Bon, il faut tout d’abord savoir que je n’ai découvert Dick Maas et ses films que cet automne, durant le FEFFS, et qu’en plus d’être un type formidable et une source intarissable de bonne humeur et d’anecdotes, c’est un réalisateur fascinant. Il se dégage de chacun de ses films un réel amour pour le genre. Amour qu’on pourrait considérer aussi passionnel que celui d’Arnie pour sa Plymouth, tiens. J’en tiens pour preuve une scène anthologique d’un autre de ses films, « Amsterdamned ». Celui-ci contient la course-poursuite la plus folle qu’il m’ait été donné de voir, véritable coup d’audace aux frontières de la légalité (budget réduit oblige) et qui aura connu un ‘léger’ accident de bateau pendant le tournage.

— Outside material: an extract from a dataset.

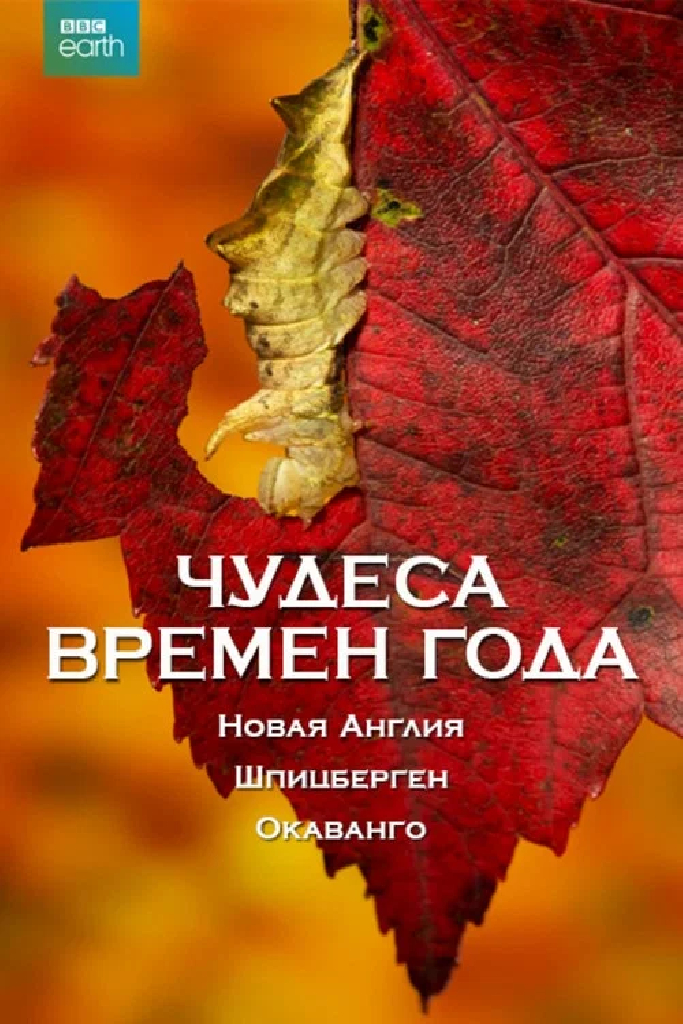 Чудеса времён года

Revenons-en à « The Lift ». Ici, l’essentiel du film prend place dans un hôtel d’Amsterdam très attentive à la qualité de son service. Or, leur ascenseur semble présenter quelques défaillances techniques ayant pu causer la mort d’une poignée de clients. Est donc dépêché notre valeureux héros, mécanicien/électricien/dépanneur de son métier, lequel se trouvera vite interloqué par l’absence apparente de tout problème. S’ensuit toute une série de meurtres aux images percutantes, jusqu’à ce que l’investigation du personnage principal l’amène à une sombre découverte du plus pur style biomécanique.

En somme, un long-métrage qui s’intègre parfaitement dans cette longue lignée de films autrefois étiquetés [Frisson] sur nos VHS, qui hume bon les années 80, et qui ne se prive pas d’un certain humour plus qu’appréciable.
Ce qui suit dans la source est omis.